Kamloops to become B.C.'s first Bee City

Kamloops is the first city in B.C. and the third in Canada to earn the designation. It will now work to create healthy ecosystems for bees throughout the city.

'We really want to promote pride in our city and be a leader'

One of the dominant pollinators of red clover found throughout B.C. is the buff-tailed bumble bee. (Maj Rundlöf/Science)

Kamloops city hall was all abuzz Tuesday afternoon after council unanimously approved a motion to designate Kamloops a Bee City.

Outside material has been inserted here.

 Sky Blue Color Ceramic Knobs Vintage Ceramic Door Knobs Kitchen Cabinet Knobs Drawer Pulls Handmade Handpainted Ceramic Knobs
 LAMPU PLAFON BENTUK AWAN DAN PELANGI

It will be the first city in B.C. to make the designation and the third Canadian city after Toronto and Chestermere, Alta., which commits businesses and community organizations to doing as much as they can to create healthy ecosystems for bees.

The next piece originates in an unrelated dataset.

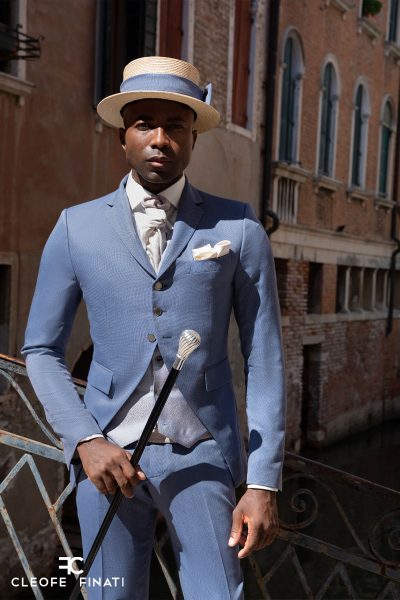 Classic dusty blue wedding suit 100% made in Italy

The motion was brought forward by Lisa Strachan with Tourism Kamloops and supported by Glenn Grant, the executive director of the B.C. Wildlife Park and co-chair of Communities in Bloom.

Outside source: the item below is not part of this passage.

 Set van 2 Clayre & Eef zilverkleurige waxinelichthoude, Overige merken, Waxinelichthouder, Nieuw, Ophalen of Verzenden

Glenn Grant with the B.C. Wildlife Park and Communities in Bloom and Lisa Strachan with Tourism Kamloops are spearheading the project. (CBC)

Strachan believes the designation will give people in Kamloops a sense of pride. "To go out and say we're a Bee City ... for us, it would set us apart."

Grant agrees. 

In an interview with Daybreak Kamloops host Shelley Joyce, he said, "We want to be the leader that everybody says, 'look at what Kamloops is doing, we should follow them.' That's part of our motivation. We want to be the first."

'A huge transformation across this country'

The city will now focus on planting flowers that are bee friendly and create more green space.

Tourism Kamloops has plans to plant an edible garden to attract bees at the visitor centre and the B.C. Wildlife Park will plant a pollinator garden next to its bee hive this spring.

A bee-friendly garden includes "plants that are native, that have been here for thousands of years," according to Shelly Candel, the founder of Bee City Canada. (CBC)

Shelly Candel started Bee City Canada in early 2016 and wants to see the program grow.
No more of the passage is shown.